TASK DIRECTIONS: Your answer should hold exactly the lines below from the line with "Clothes Drying Rack" through the line with "Soft Purple Cotton", both included, and no pictures at all.

RECORD EXTRACTS:
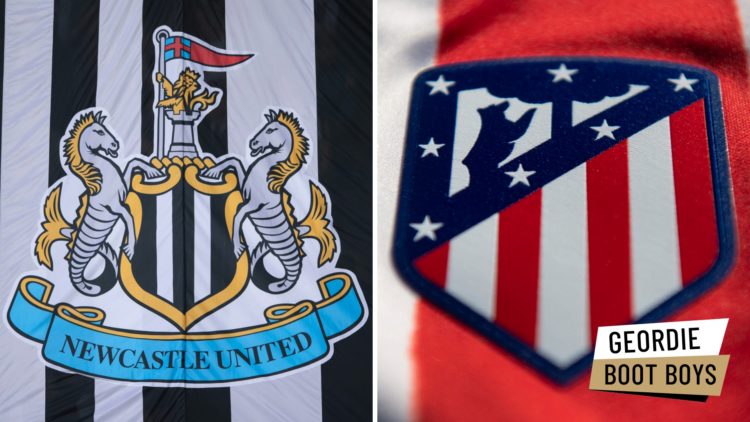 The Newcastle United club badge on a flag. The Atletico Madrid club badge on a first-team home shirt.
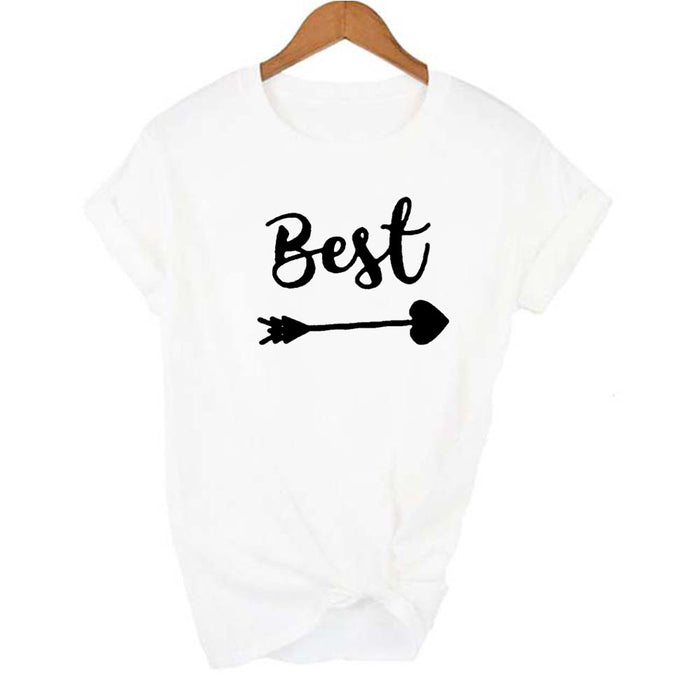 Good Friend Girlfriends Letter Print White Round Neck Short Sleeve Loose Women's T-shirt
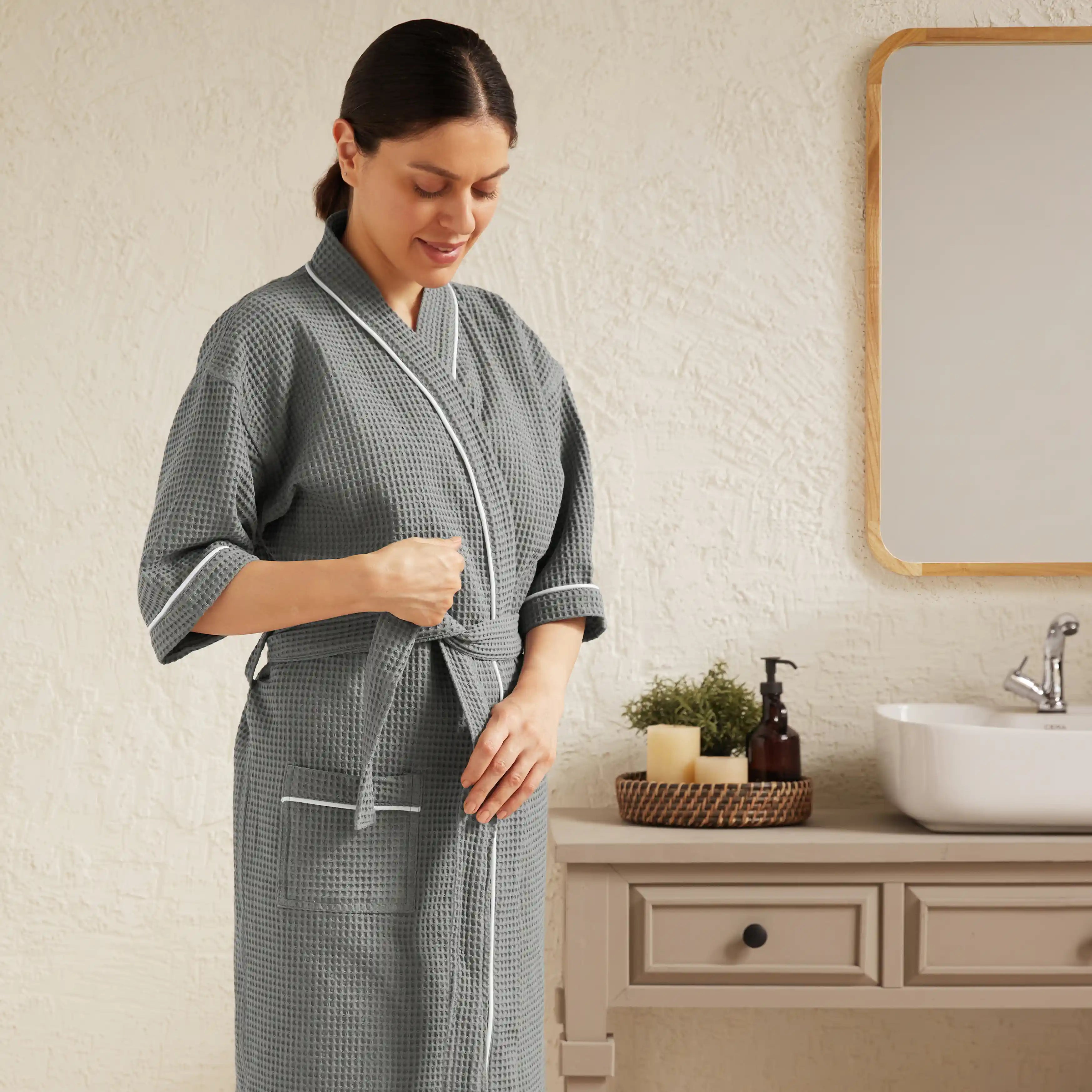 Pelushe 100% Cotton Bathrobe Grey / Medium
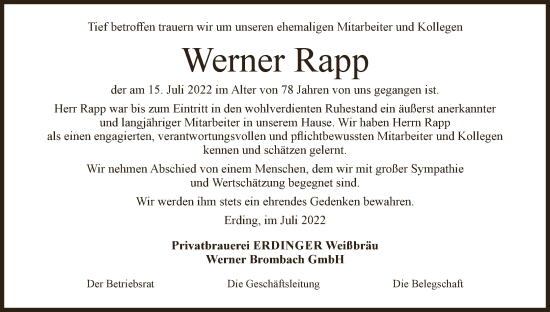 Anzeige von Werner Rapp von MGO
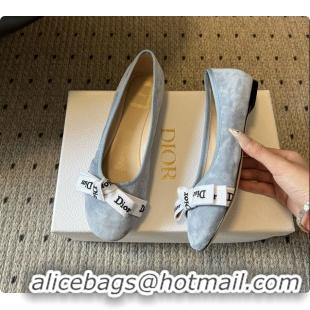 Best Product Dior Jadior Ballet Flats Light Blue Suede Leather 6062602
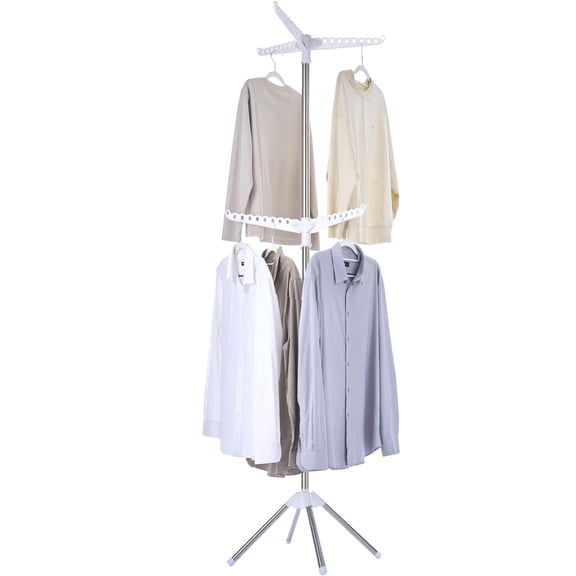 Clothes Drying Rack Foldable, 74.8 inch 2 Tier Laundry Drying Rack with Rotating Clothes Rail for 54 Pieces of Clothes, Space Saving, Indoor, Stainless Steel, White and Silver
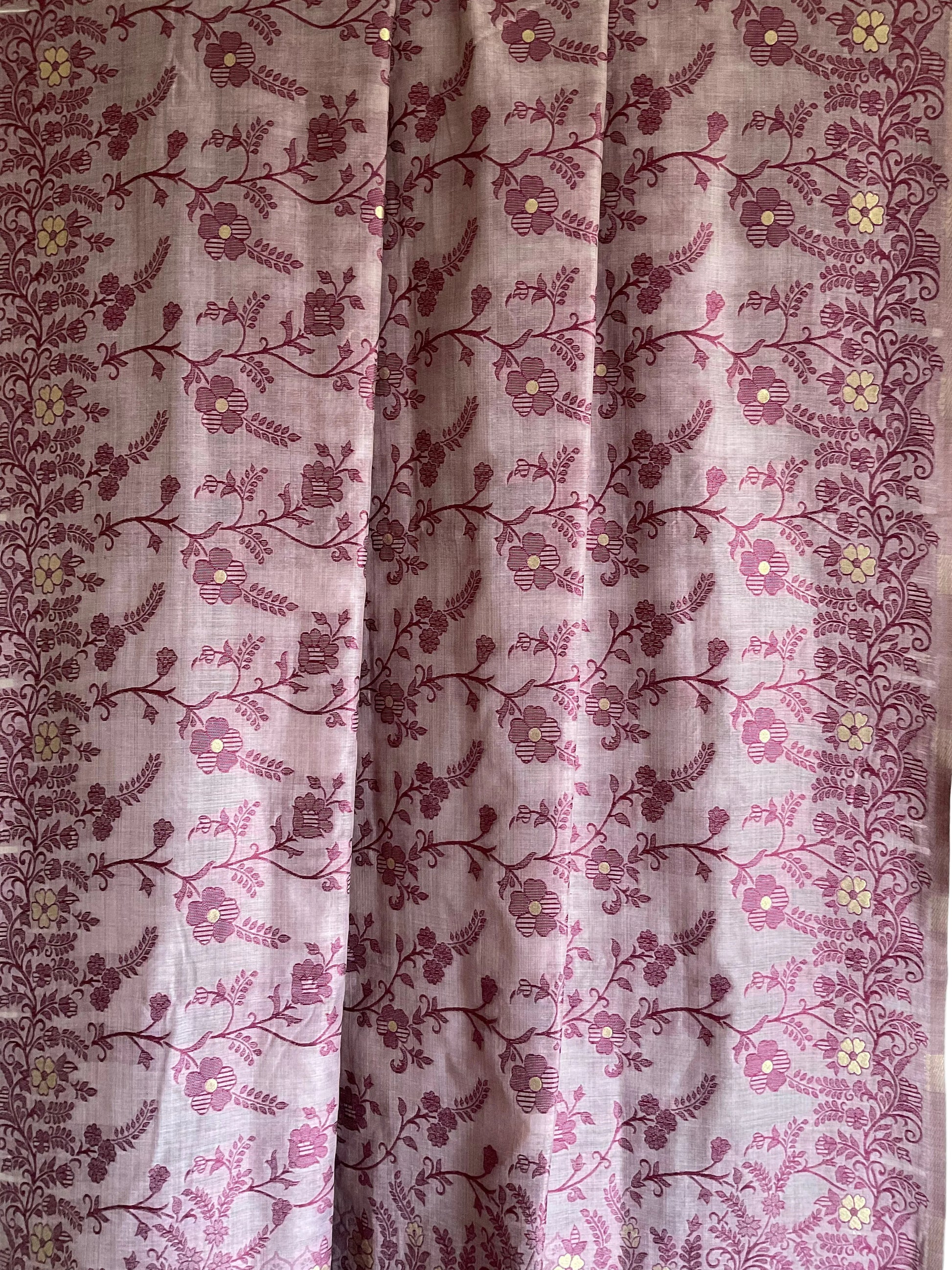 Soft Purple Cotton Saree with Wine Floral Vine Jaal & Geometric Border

...

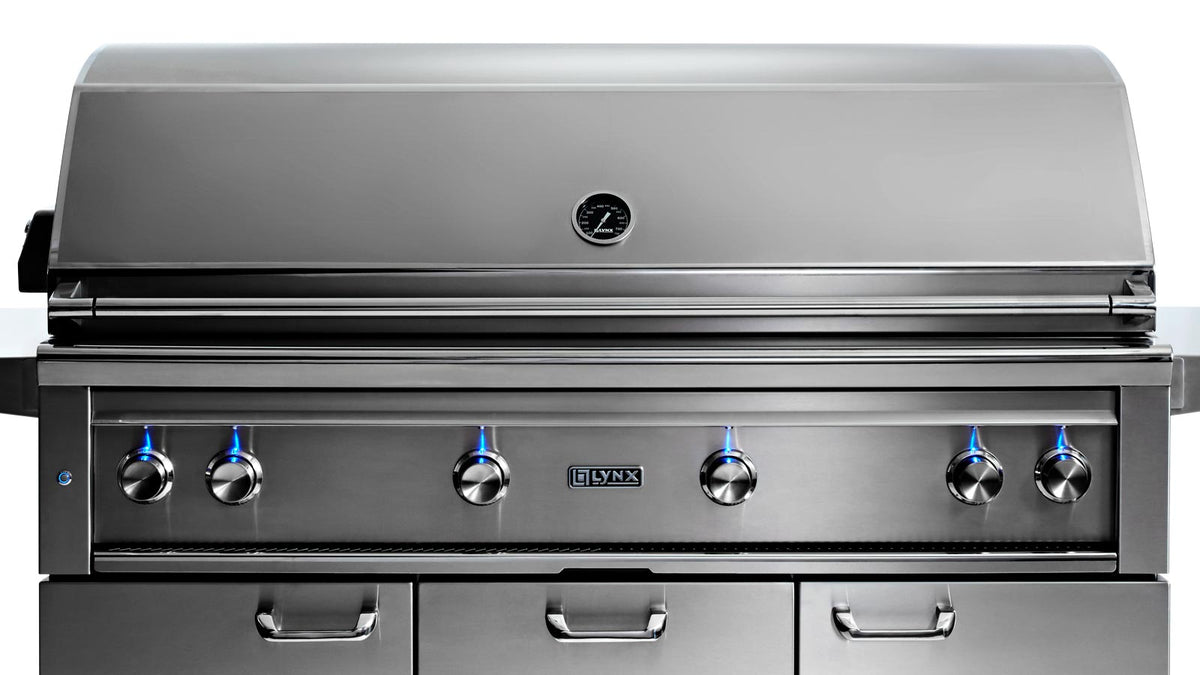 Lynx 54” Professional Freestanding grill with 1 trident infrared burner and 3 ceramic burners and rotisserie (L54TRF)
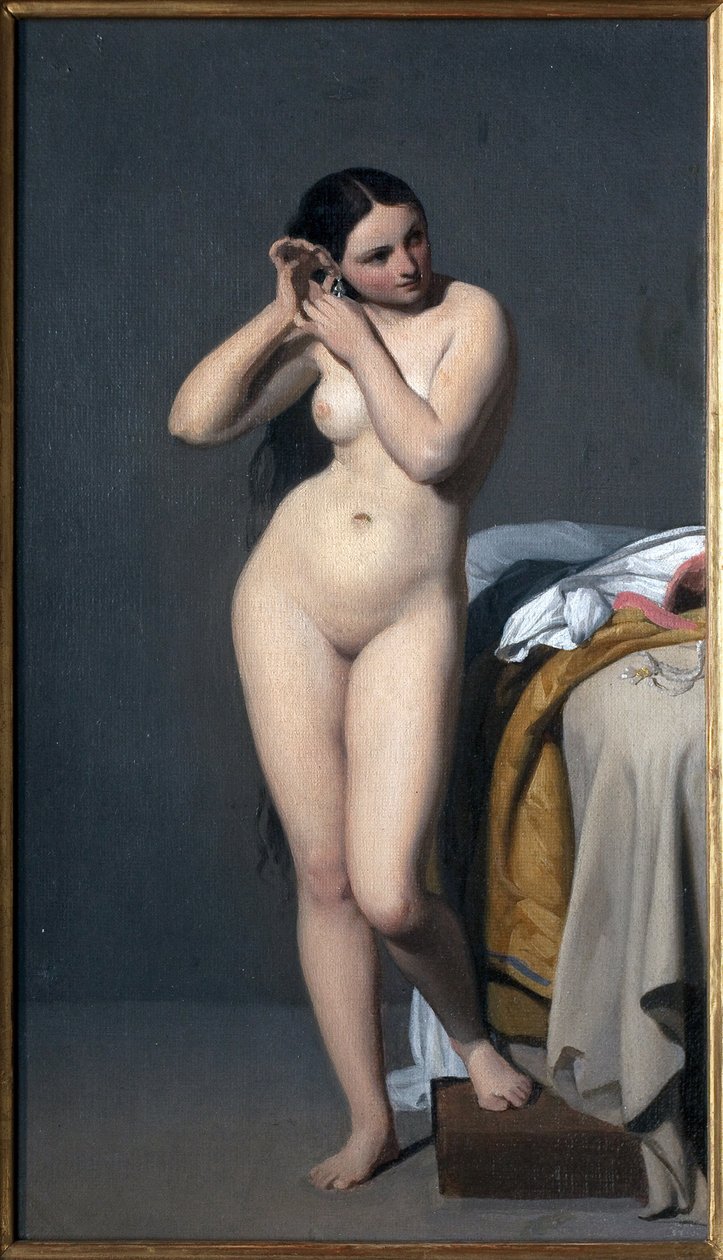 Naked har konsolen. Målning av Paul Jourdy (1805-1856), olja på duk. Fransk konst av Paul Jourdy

...

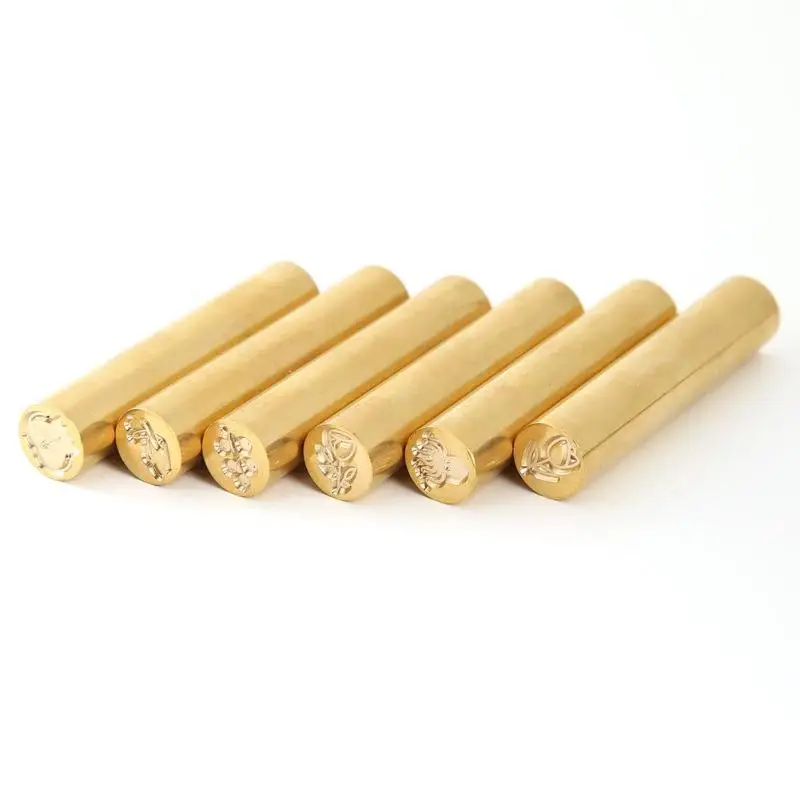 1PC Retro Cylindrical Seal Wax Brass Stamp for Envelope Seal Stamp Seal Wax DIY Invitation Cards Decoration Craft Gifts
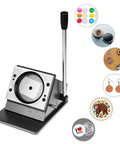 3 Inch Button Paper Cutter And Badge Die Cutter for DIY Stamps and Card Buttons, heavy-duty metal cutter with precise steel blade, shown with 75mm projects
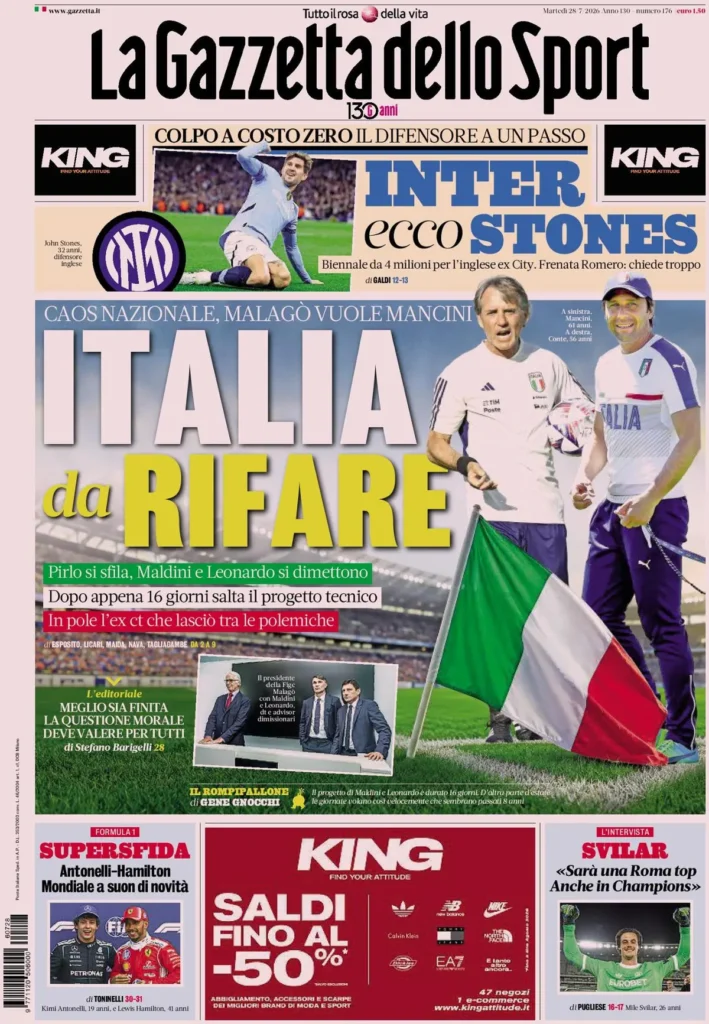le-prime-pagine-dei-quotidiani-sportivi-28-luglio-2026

OUTPUT BELOW:
 Clothes Drying Rack Foldable, 74.8 inch 2 Tier Laundry Drying Rack with Rotating Clothes Rail for 54 Pieces of Clothes, Space Saving, Indoor, Stainless Steel, White and Silver
 Soft Purple Cotton Saree with Wine Floral Vine Jaal & Geometric Border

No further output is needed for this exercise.